Divide and Conquer recurrences are mathematical equations. It describes the time complexity of divide-and-conquer algorithms. Divide and conquer is a problem-solving technique to solve a big problem by breaking down it into smaller subproblems. And this smaller subproblem is then solved independently to find the solution for the original problem. After solving these subproblems, we combine them to find the solution to the original problem.

In other words, we can also explain that the algorithm is called divide and conquer because it divides the problem into smaller subproblems and later combines the solution of each subproblem to reach the solution of the main/original problem. This process of reaching the solution to the main problem is done using recursion. The problem function calls itself recursively until the base condition is reached. The running time of such algorithms is described using recurrence equations.

Time complexity analysis of divide and conquer algorithms requires recurrence relations. This recurrence relations equation expresses the running time of an algorithm in terms of the running time on smaller input sizes n.

## Divide and Conquer Recurrence Relation

**T(n) = a * T(n/b) + f(n)**

**Where:**

- T(n) – Time complexity of the algorithm on an input of size n.
- a – Number of subproblems.
- n/b – Size of each subproblem.
- f(n) – Time complexity of any additional work done outside the recursive calls.

## Divide and Conquer involves three main steps

**Divide**: Break the problem into smaller subproblems of the same type.**Conquer**: Solve these subproblems, usually recursively.**Combine**: Merge the solutions of the subproblems to solve the original problem.

This method reduces the complexity of solving big problems by focusing on smaller, easier-to-solve pieces.

## Example to understand the concept of divide and conquer recurrences

### Fibonacci Series Numbers

The Fibonacci series generates a sequence of numbers where each number is obtained by the sum of its two preceding numbers. However, we can compute Fibonacci numbers using a divide-and-conquer approach.

**Recurrence relation for computing the nth Fibonacci number:**

**T(n) = T(n-1) + T(n-2) + O(1)**

**In the above example**

**T(n) –**The time complexity of computing the nth Fibonacci number.**(n-1)th and (n-2)th**– The algorithm recursively computes the (n-1)th and (n-2)th Fibonacci numbers and then adds them together.**(O(1))**– The additional work done outside the recursive calls is the constant time operation of addition (O(1)).

This recurrence relation describes the time complexity of computing Fibonacci numbers.

## Examples of Divide and Conquer Recurrences

**Binary Search**: This is a method to find an item in a sorted list. First, we divide the list into two halves. We then determine in which half the item would be, if it’s there at all.
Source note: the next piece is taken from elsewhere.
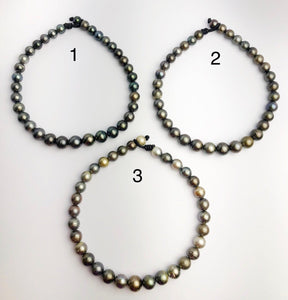 BIG 16mm Round Tahitian Pearl Necklace on Leather Cord, 12 - 16mm (286)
We keep dividing the half where the item could be until we find the item or conclude it’s not there. This process can be described by the recurrence relation T(n) = T(n/2) + c, where T(n) is the time to search in a list of n items, and c is the constant time to do the division and comparison at each step.**Merge Sort**: This algorithm sorts a list by dividing it into two halves, sorting each half, and then merging the sorted halves. The sorting of each half is done recursively using the same divide-and-conquer approach. The recurrence relation for merge sort is T(n) = 2T(n/2) + cn, where T(n) is the time to sort a list of n items, and cn represents the time to merge the two sorted halves.

## Important Points

**Recurrence Relations**: These are equations that define sequences of numbers. In the context of divide and conquer, they help us understand how the time or space requirements of an algorithm grow as the size of the input increases.**Solving Recurrences**: Techniques like the Master Theorem can be used to find closed-form solutions to recurrence relations, giving us a clear understanding of an algorithm’s efficiency.**Example with Real-life Analogy**: Imagine a large family photo that needs to be cut into individual pictures. Instead of cutting each person out one by one, you could divide the photo into halves, then quarters, and so on, until each person’s picture is separated. This “divide and conquer” approach simplifies the task, similar to how algorithms tackle complex problems.

## Conclusion

Divide and Conquer is a powerful strategy in computer science for solving problems efficiently. By breaking down a large problem into smaller parts, solving those parts, and then combining the solutions, complex tasks become more manageable.